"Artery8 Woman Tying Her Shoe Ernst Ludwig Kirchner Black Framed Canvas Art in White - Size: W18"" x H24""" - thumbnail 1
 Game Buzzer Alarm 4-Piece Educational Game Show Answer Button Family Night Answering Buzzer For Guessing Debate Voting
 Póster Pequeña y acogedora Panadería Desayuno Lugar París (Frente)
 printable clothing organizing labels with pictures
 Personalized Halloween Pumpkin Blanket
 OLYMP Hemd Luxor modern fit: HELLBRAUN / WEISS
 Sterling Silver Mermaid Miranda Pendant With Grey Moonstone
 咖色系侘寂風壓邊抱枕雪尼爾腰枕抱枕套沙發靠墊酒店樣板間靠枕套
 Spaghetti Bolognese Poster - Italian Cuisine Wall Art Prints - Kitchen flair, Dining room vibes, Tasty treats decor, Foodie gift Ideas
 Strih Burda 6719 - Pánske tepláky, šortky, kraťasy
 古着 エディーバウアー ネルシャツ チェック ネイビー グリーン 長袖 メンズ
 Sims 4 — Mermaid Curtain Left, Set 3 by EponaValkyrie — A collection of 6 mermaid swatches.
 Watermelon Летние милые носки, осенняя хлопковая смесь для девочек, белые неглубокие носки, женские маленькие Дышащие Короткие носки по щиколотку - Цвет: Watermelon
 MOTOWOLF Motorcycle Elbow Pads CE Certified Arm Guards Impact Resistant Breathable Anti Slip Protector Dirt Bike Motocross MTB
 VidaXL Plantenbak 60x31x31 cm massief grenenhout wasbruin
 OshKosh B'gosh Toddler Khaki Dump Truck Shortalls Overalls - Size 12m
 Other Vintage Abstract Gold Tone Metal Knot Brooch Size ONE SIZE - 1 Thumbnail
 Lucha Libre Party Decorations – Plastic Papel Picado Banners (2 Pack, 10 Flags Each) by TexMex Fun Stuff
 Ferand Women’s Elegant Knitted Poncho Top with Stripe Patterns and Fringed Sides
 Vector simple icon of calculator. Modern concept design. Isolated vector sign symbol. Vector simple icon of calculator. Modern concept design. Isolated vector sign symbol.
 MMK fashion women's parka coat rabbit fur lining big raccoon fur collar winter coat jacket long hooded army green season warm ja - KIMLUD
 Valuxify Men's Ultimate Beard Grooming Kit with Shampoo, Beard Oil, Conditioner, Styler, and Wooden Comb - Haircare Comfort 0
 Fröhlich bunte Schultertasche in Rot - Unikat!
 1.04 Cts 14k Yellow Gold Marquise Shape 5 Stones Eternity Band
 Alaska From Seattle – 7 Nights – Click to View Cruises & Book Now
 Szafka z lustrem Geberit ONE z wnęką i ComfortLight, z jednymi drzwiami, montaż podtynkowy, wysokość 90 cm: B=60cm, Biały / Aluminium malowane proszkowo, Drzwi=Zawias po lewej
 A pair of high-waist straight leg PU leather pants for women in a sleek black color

────────────────────

#### [Exercise requirements]
All lines from the one containing "sign symbol. Vector" through the end of the records, both ends included, are to be quoted exactly; please add nothing else.

#### [Response area]
 Vector simple icon of calculator. Modern concept design. Isolated vector sign symbol. Vector simple icon of calculator. Modern concept design. Isolated vector sign symbol.
 MMK fashion women's parka coat rabbit fur lining big raccoon fur collar winter coat jacket long hooded army green season warm ja - KIMLUD
 Valuxify Men's Ultimate Beard Grooming Kit with Shampoo, Beard Oil, Conditioner, Styler, and Wooden Comb - Haircare Comfort 0
 Fröhlich bunte Schultertasche in Rot - Unikat!
 1.04 Cts 14k Yellow Gold Marquise Shape 5 Stones Eternity Band
 Alaska From Seattle – 7 Nights – Click to View Cruises & Book Now
 Szafka z lustrem Geberit ONE z wnęką i ComfortLight, z jednymi drzwiami, montaż podtynkowy, wysokość 90 cm: B=60cm, Biały / Aluminium malowane proszkowo, Drzwi=Zawias po lewej
 A pair of high-waist straight leg PU leather pants for women in a sleek black color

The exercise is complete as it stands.